Hardness of Approximation for Stochastic Problems via Interactive Oracle Proofs.

Hardness of approximation aims to establish lower bounds on the approximability of optimization problems in NP and beyond. We continue the study of hardness of approximation for problems beyond NP, specifically for stochastic constraint satisfaction problems (SCSPs). An SCSP with k alternations is a list of constraints over variables grouped into 2k blocks, where each constraint has constant arity. An assignment to the SCSP is defined by two players who alternate in setting values to a designated block of variables, with one player choosing their assignments uniformly at random and the other player trying to maximize the number of satisfied constraints. In this paper, we establish hardness of approximation for SCSPs based on interactive proofs. For k ≤ O (log n ), we prove that it is AM[k]-hard to approximate, to within a constant, the value of SCSPs with k alternations and constant arity. Before, this was known only for k = O (1). Furthermore, we introduce a natural class of k-round interactive proofs, denoted IR[k] (for interactive reducibility ), and show that several protocols (e.g., the sumcheck protocol) are in IR[k]. Using this notion, we extend our inapproximability to all values of k : we show that for every k, approximating an SCSP instance with O (k) alternations and constant arity is IR[k]-hard.
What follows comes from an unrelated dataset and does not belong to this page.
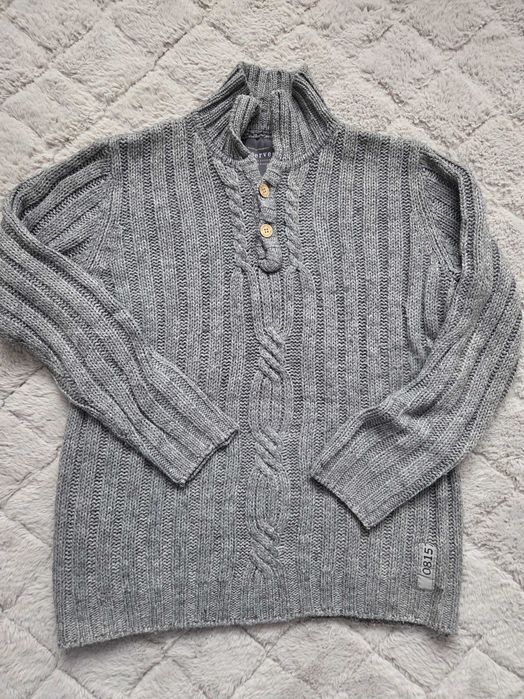 Reserved sweter szary XXL rozpinany pod szyją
While hardness of approximation for CSPs is achieved by constructing suitable PCPs, our results for SCSPs are achieved by constructing suitable IOPs (interactive oracle proofs). We show that every language in AM[k ≤ O (log n )] or in IR[k] has an O (k)-round IOP whose verifier has constant query complexity ( regardless of the number of rounds k). In particular, we derive a "sumcheck protocol" whose verifier reads O (1) bits from the entire interaction transcript.